▸ Problem details: When you reach the line holding "Wolff happy with" in the material below, return that line and each one after it, word for word, with the pictures dropped.

▸ Source data:
>>
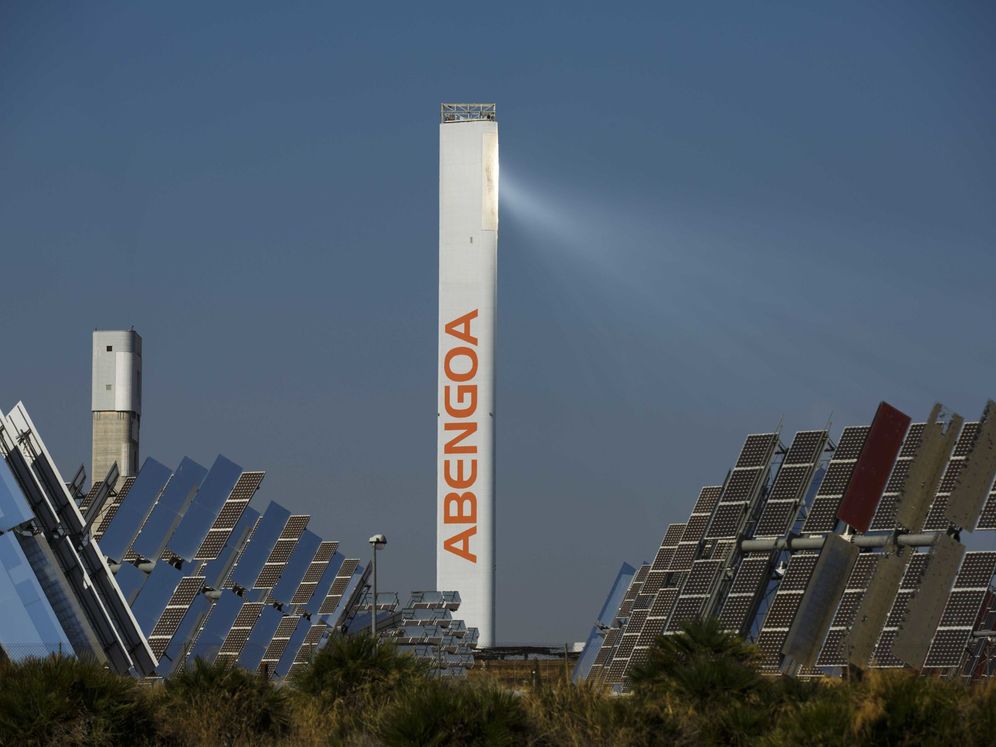 Foto: Torre de Abengoa en una planta solar en Sanlúcar la Mayor. (Reuters)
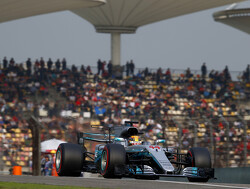 Wolff happy with relationship between Hamilton and Bottas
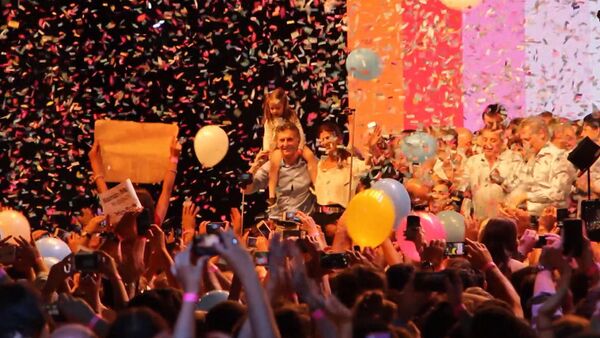 Лидирующий на выборах в Аргентине Макри танцевал перед ликующей толпой (копия) - Sputnik Кыргызстан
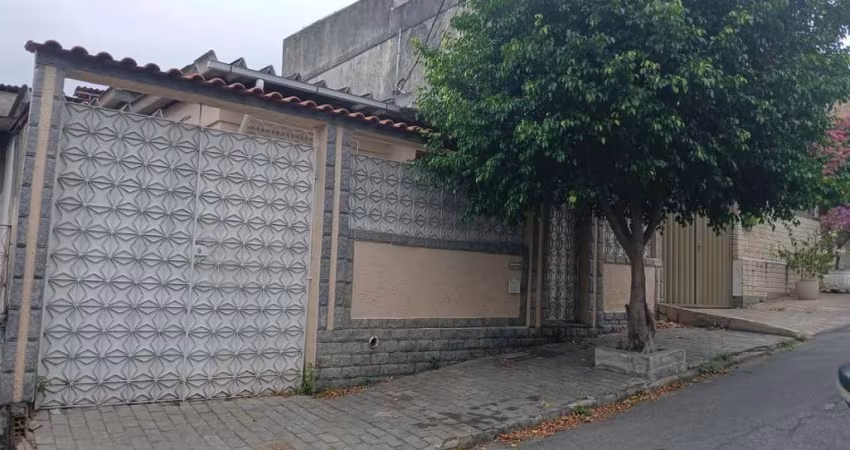 Casa com 2 quartos à venda em Bangu, Rio de Janeiro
<<
▸ Exercise answer:
 Wolff happy with relationship between Hamilton and Bottas
 Лидирующий на выборах в Аргентине Макри танцевал перед ликующей толпой (копия) - Sputnik Кыргызстан
 Casa com 2 quartos à venda em Bangu, Rio de Janeiro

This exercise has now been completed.